I am fairly certain that the Silverton Branch jobs were assigned by bid and seniority. If you were the successful bidder, the job was yours until the job was abolished. That being said, if the job worked 7 days a week, you worked seven days a week. In order to get a day off, you laid off for the day, and they found someone else to fill your slot. This is why some Silverton Branch crew members were pretty grumpy and tired by the first of October. I remember Carl Jack telling me how tired he was of waving at people.
How Al Lyons got on the work train is a good question. A guess is he laid off his regular job on 461-462 for the day to be on the work train. The work train would have been a nice break in the on-going monotonous routine of dealing with 500 tourists every day. It was probably a nice relaxing job for the day.

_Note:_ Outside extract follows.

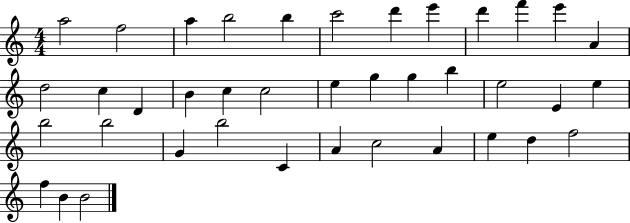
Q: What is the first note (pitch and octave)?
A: A5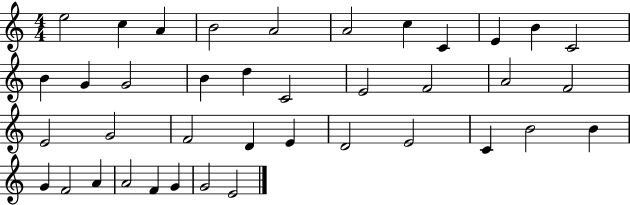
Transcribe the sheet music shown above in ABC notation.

Back in the San Juan days it was the same. It was a 7-day-a-week job. The same crews worked every day. The train crews worked all the way from Alamosa to Durango and back the next day, while the engine crews changed at Chama. The Alamosa engine crews had a good deal, as they would work to Chama in the morning and return to Alamosa that afternoon, getting two basic day's pay. They then took the next day off, and another engine crew worked. For Durango crews it did not work out so well. The would work Durango to Chama, then lay over for the night, then return home he next day. This was because the two trains met between Chama and Durango at Carracas. But the same two engine crews worked back and forth 7-days a week - unless you laid off. The passenger engine crews did not make a lot of money, because the run was short - less than 8 hours each way, so little to no overtime was paid. It was the price to pay for having regular hours. Jim Pearce would get called to fire the San Juan off the extra board if the regular man laid off. He didn't care for it as he made less money that if he worked a slow freight train that took 10-12 hours to get over the road. He said that sometimes they would take the San Juan engine crews and use them to run a helper engine out of Durango to the top of Florida Hill at Falfa after they San Juan got into Durango. That made the day a good one as it was a second departure from a home terminal, which meant a second day's basic pay. So, the engine crew got paid for 2 days of straight time for the day, even though on the second trap they only went as far as Falfa.
Yep, follow the money, make the big bucks, go railroading.